Всякое искусство, говоритъ Монтескье, имѣетъ свои основныя правила, которыя могутъ руководствовать артиста, и которыхъ никогда не должно упускать изъ виду. Но часто теоретическіе законы, самые вѣрные въ сущности своей, могутъ быть ошибочны и ложны въ примѣненіи. Для того искусство сообщаетъ намъ правила, а вкусъ дѣлаетъ исключенія. Но мы обыкновенно учимся болѣе практически, нежели теоретически; не восходимъ къ основнымъ законамъ искуства, и потому машинально слѣдуя по стопамъ своихъ предшественниковъ, и рабски подражая имъ, повторяя и передѣлывая старое, — или стоимъ на одномъ и томъ же мѣстѣ, или вертимся у одной и той же мысли, — что очевидно вредитъ и успѣхамъ самаго искусства.
Всѣ науки и искусства имѣютъ свои темныя стороны; на нихъ-то мы должны обратить свое вниманіе.

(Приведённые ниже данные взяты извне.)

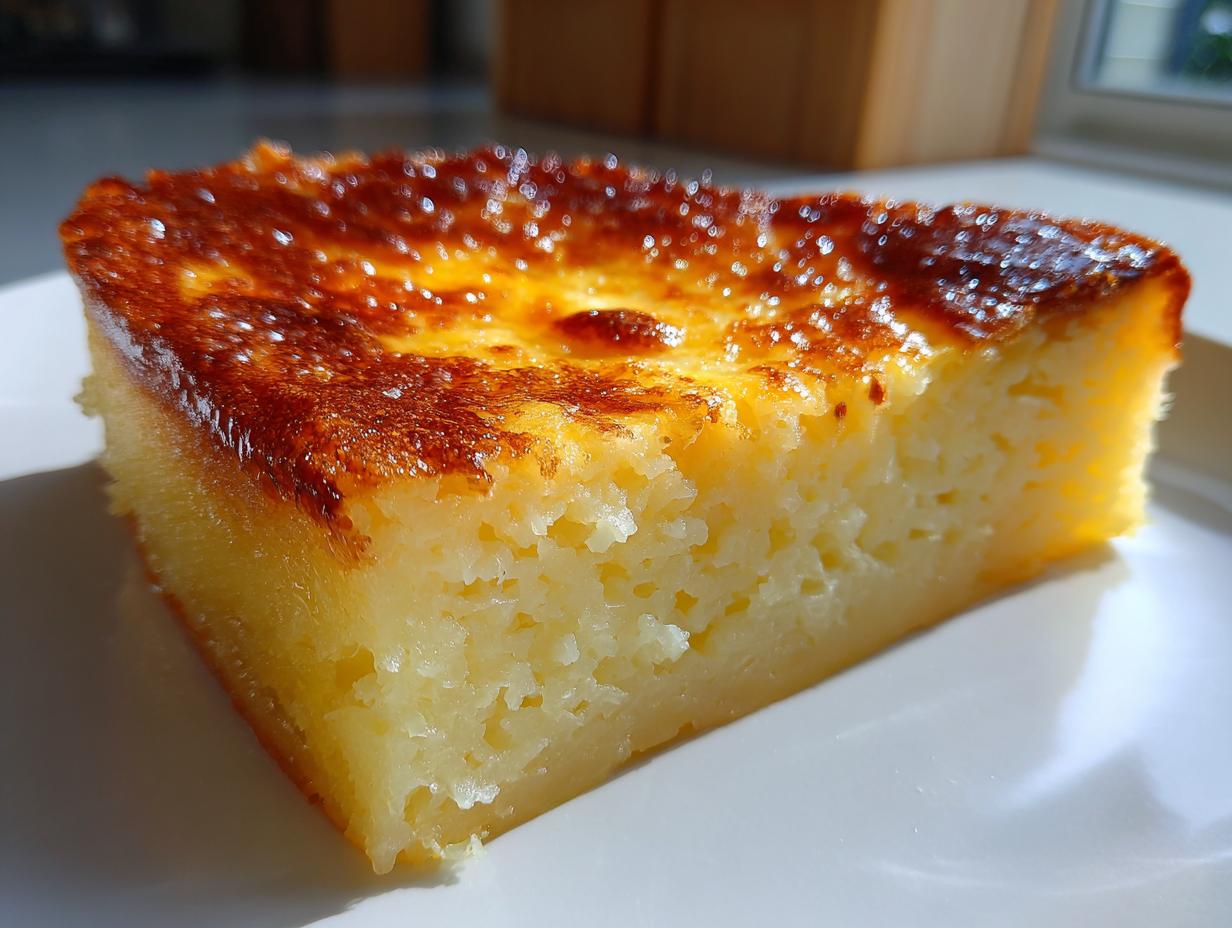 A close-up of a single slice of creamy cassava cake showing the grated texture and a deeply caramelized, glossy top.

Для этого не худо знать исторію своей науки или искусства, гдѣ бы показано было, что намъ уже извѣстно, что дурно извѣстно, и что вовсе неизвѣстно. Тогда, начиная дѣйствовать практически, мы уже будемъ знать — чего еще не знаемъ, и что слѣдовательно намъ остается еще изучить на опытѣ, въ практикѣ; слѣдовательно не будемъ уже затрудняться въ мелочахъ и останавливаться на правилахъ, давно уже всѣмъ и каждому извѣстныхъ, а будемъ наблюдать только за тѣмъ, что вполнѣ заслуживаетъ нашего наблюденія и размышленія.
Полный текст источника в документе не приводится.